Let me start this entry with a curiosum. As far as I know, and I was born and raised in Germany, I am, in fact, a German, there is no exact equivalent to the English word “faith”, or indeed the Spanish word “fé” in the German language. I have elsewhere written about the pitfalls of translation, but here it is clear, “faith” and “fé” mean exactly the same, mainly the evidence of things not seen. And that paradigm, that concept does not exist in the German psyche. Unless I just haven’t come across it, which I find hard to believe.
Whatever, this entry is about the kind of faith even an atheist or agnostic can have. We tend to associate faith mainly with one or another religion, a deity, you name it. But it is basically an inner attitude of hope and believe, a certainty that things will turn out all-right. And of course, that inner attitude lends itself readily when associated with belief in God, a life thereafter, etc.

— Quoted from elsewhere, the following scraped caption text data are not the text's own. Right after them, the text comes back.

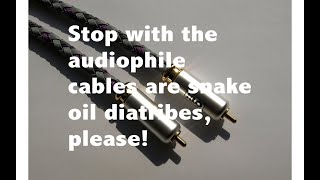 Audiophile cables Snake oil Give it a rest [upl. by Kowalski]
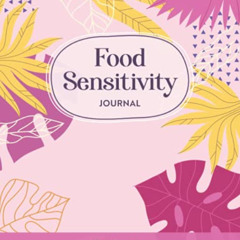free EPUB 📒 Food Sensitivity Journal: 3-Month Food Diary and Symptom Tracker by  Wel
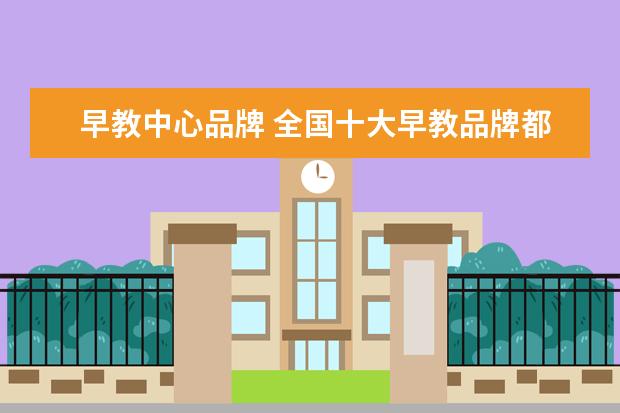 早教中心品牌 全国十大早教品牌都有哪些?哪个最靠谱?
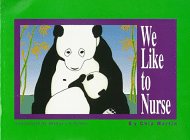 We Like to Nurse  N/A 9780934252454 Front Cover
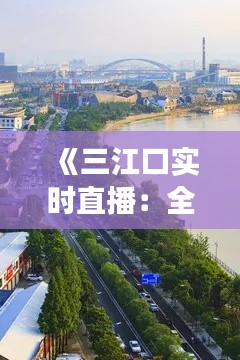 《三江口实时直播：全景视角下的美丽河岸》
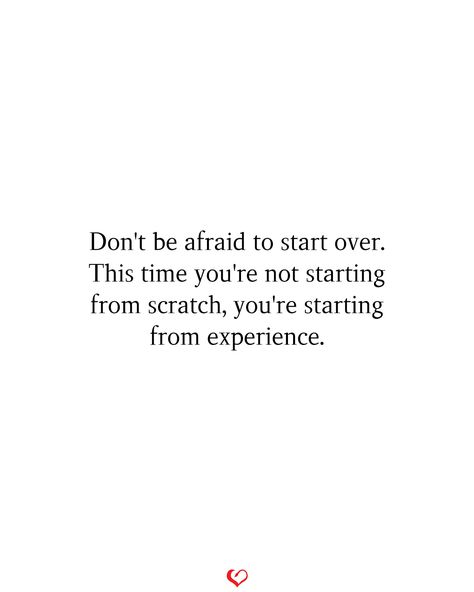 Don't be afraid to start over. This time you're not starting from scratch, you're starting from experience. #relationship #quote #love #couple #quotes I Want To Start Over Quotes, Starting All Over Again Quotes, Quotes About Starting Over My Life, Start Of Love Quotes, Starting From Experience Quote, Starting Again Quotes Relationships, Starting New Relationship Quotes, Quotes About Starting Again, Dont Be Scared To Start Over Quotes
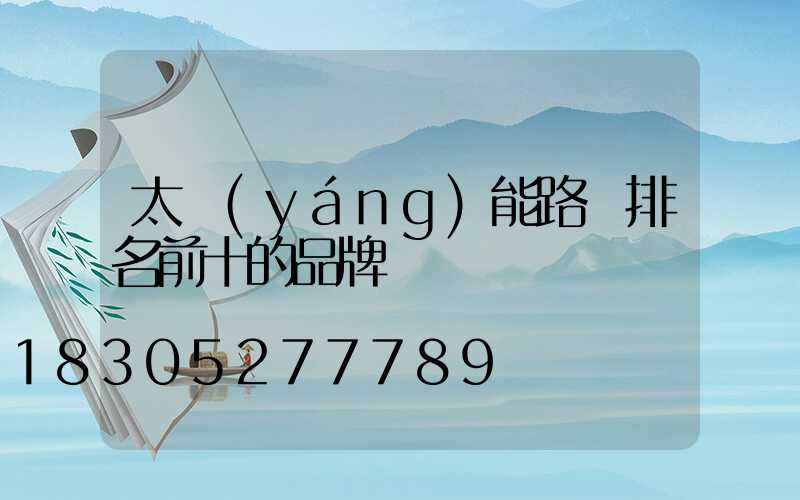 太陽(yáng)能路燈排名前十的品牌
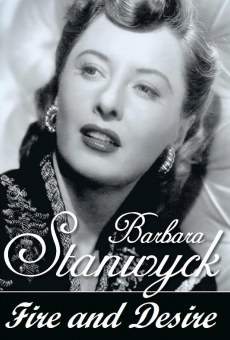 Barbara Stanwyck: Fire and Desire online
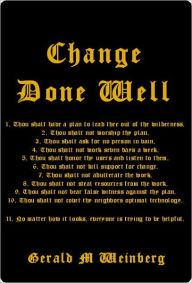 Title: Change Done Well, Author: Gerald Weinberg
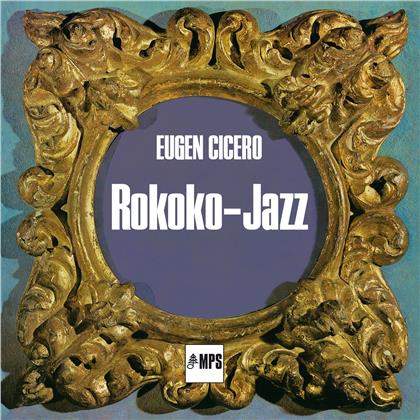 Eugen Cicero - Rokoko Jazz (2020 Reissue)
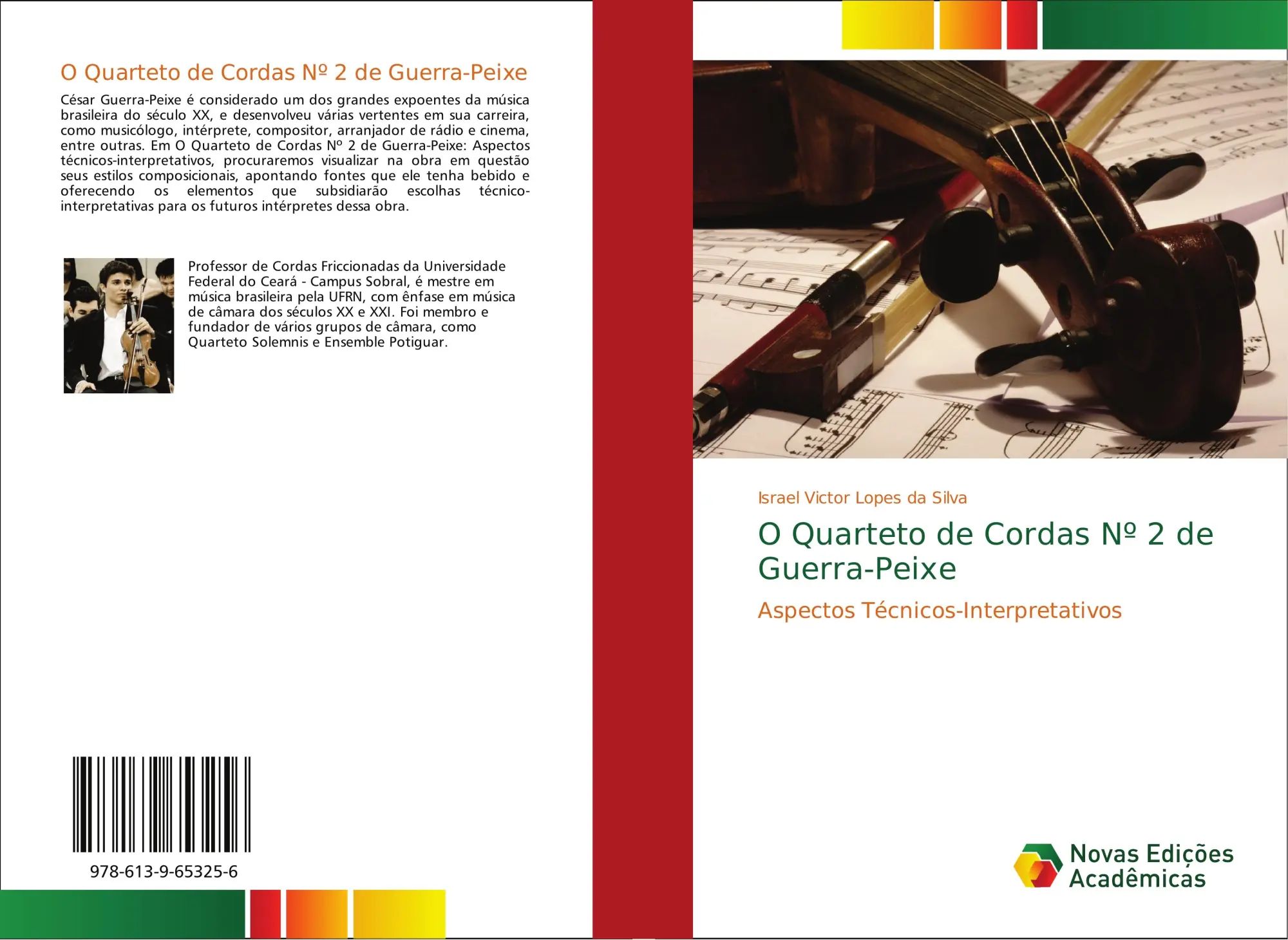 O Quarteto de Cordas Nº 2 de Guerra-Peixe : Aspectos Técnicos-Interpretativos : Israel Victor Lopes Da Silva : Taschenbuch : Portugiesisch : 2018 : Novas Edições Acadêmicas : EAN 9786139653256 - Lopes Da Silva, Israel Victor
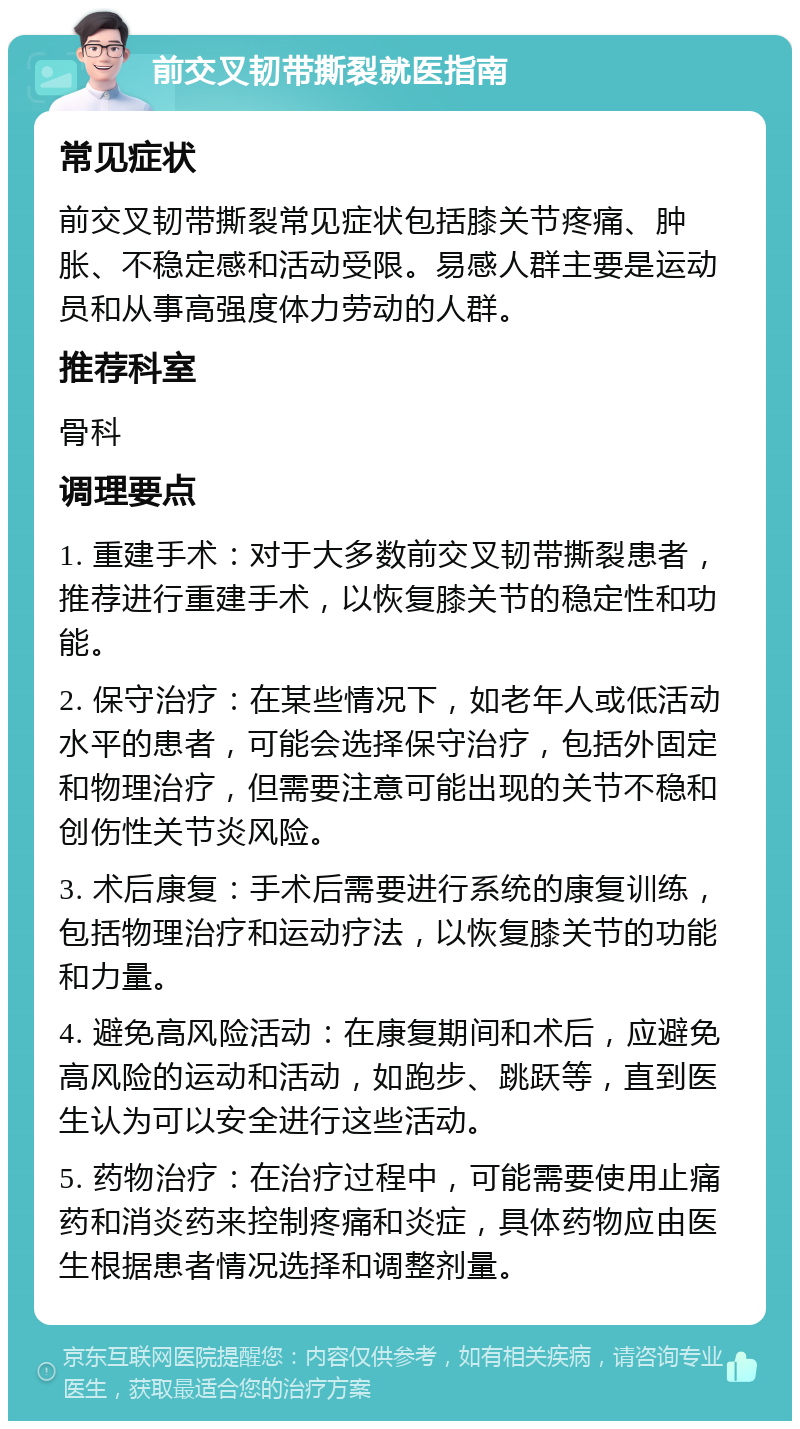 前交叉韧带撕裂就医指南 常见症状 前交叉韧带撕裂常见症状包括膝关节疼痛、肿胀、不稳定感和活动受限。易感人群主要是运动员和从事高强度体力劳动的人群。 推荐科室 骨科 调理要点 1. 重建手术：对于大多数前交叉韧带撕裂患者，推荐进行重建手术，以恢复膝关节的稳定性和功能。 2. 保守治疗：在某些情况下，如老年人或低活动水平的患者，可能会选择保守治疗，包括外固定和物理治疗，但需要注意可能出现的关节不稳和创伤性关节炎风险。 3. 术后康复：手术后需要进行系统的康复训练，包括物理治疗和运动疗法，以恢复膝关节的功能和力量。 4. 避免高风险活动：在康复期间和术后，应避免高风险的运动和活动，如跑步、跳跃等，直到医生认为可以安全进行这些活动。 5. 药物治疗：在治疗过程中，可能需要使用止痛药和消炎药来控制疼痛和炎症，具体药物应由医生根据患者情况选择和调整剂量。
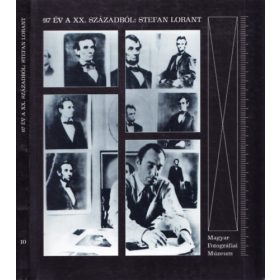   Kincses Károly; Kolta Magdolna: 97 év a XX. századból: Stefan Lorant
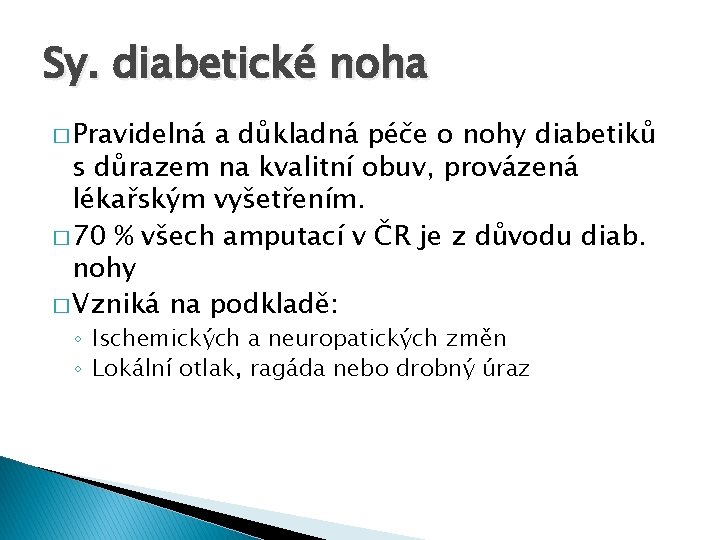 Sy. diabetické noha � Pravidelná a důkladná péče o nohy diabetiků s důrazem na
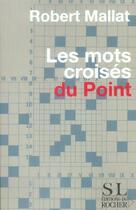 Couverture du livre « Les mots croises du point » de Robert Mallat aux éditions Rocher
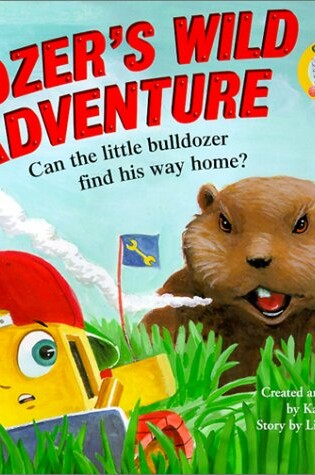 Cover of Dozer's Wild Adventure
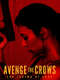Avenge the Crows: The Legend of Loca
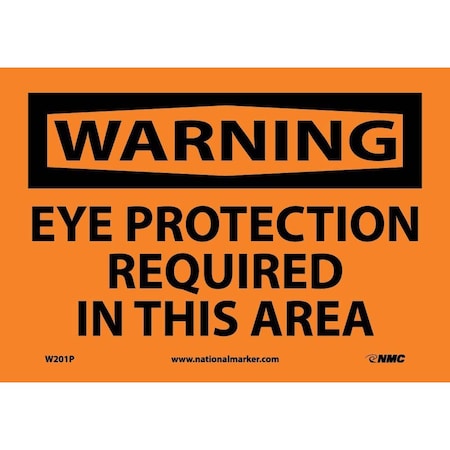Nmc Warning Eye Protection Required In This Area Sign W201P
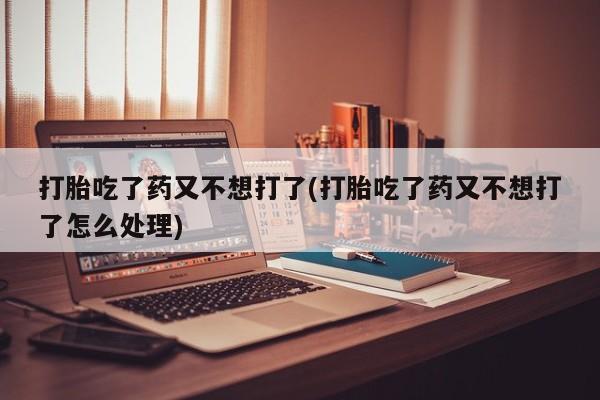 意外怀孕怎么办?打胎药购买微信打胎吃了药又不想打了(打胎吃了药又不想打了怎么处理)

I personally have been a disciple/practitioner of various religions over the years, but faith has eluded me. But I’m working hard on getting it. Why? Because it hit me kind of recently, and it’s very simple: people with faith are having a better time!
I don’t want to fall into clichés like ‘cup half empty' or 'cup half full’ and stuff like that. That was pretty cool in the nineties, but it has kind of worn itself out. But at this stage of my life I have come to realize that it absolutely doesn’t matter how I see the future.
Things happen the way they happen, good and bad, bingo, it’s called life. And I have to invest the same emotional energy for expecting good things to happen or bad. And since it doesn’t make a difference, I might as well go for the good stuff – at least I’m having a better time on the trip.